2. Provide choices (allow once / allow for session / deny).
3. Post the response to the server.
4. Record the decision in the run's audit log.
### Config + Providers
OpenWork's settings pages use:
- `client.config.get()`
- `client.config.providers()`
- `client.auth.set()` (optional flow to store keys)
### Extensibility - Skills + Plugins
OpenWork exposes two extension surfaces:
1. **Skills (OpenPackage)**
- Installed into `.opencode/skills/*`.
- OpenWork can run `opkg install` to pull packages from the registry or GitHub.
2. **Plugins (OpenCode)**
- Plugins are configured via `opencode.json` in the workspace.
- The format is the same as OpenCode CLI uses today.
- OpenWork should show plugin status and instructions; a native plugin manager is planned.
### Engine reload (config refresh)
- OpenWork server exposes `POST /workspace/:id/engine/reload`.
- It calls OpenCode `POST /instance/dispose` with the workspace directory to force a config re-read.
- Use after skills/plugins/MCP/config edits; reloads can interrupt active sessions.
- Reload requests follow OpenWork server approval rules.
### OpenPackage Registry (Current + Future)
- Today, OpenWork only supports **curated lists + manual sources**.
- Publishing to the official registry currently requires authentication (`opkg push` + `opkg configure`).
- Future goals:
- in-app registry search
- curated list sync (e.g. Awesome Claude Skills)
- frictionless publishing without signup (pending registry changes)
## Projects + Path
- `client.project.list()` / `client.project.current()`
- `client.path.get()`
OpenWork conceptually treats "workspace" as the current project/path.

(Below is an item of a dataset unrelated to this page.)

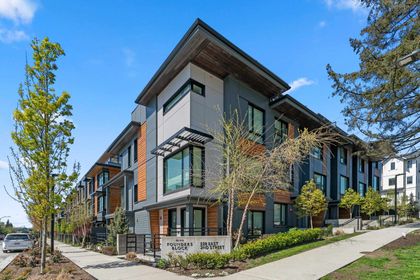 528-e-2nd-street-lower-lonsdale-north-vancouver-01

## Optional TUI Control (Advanced)
The SDK exposes `client.tui.*` methods. OpenWork can optionally provide a "Developer Mode" screen to:
- append/submit prompt
- open help/sessions/themes/models
- show toast
This is optional and not required for non-technical MVP.
## Folder Authorization Model
OpenWork enforces folder access through **two layers**:
1. **OpenWork UI authorization**
- user explicitly selects allowed folders via native picker
- OpenWork remembers allowed roots per profile
2. **OpenCode server permissions**
- OpenCode requests permissions as needed
- OpenWork intercepts requests via events and displays them
Rules:
- Default deny for anything outside allowed roots.
- "Allow once" never expands persistent scope.
- "Allow for session" applies only to the session ID.
- "Always allow" (if offered) must be explicit and reversible.
## Open Questions
- Best packaging strategy for Host mode engine (bundled vs user-installed Node/runtime).
- Best remote transport for mobile client (LAN only vs optional tunnel).
- Scheduling API surface (native in OpenCode server vs OpenWork-managed scheduler).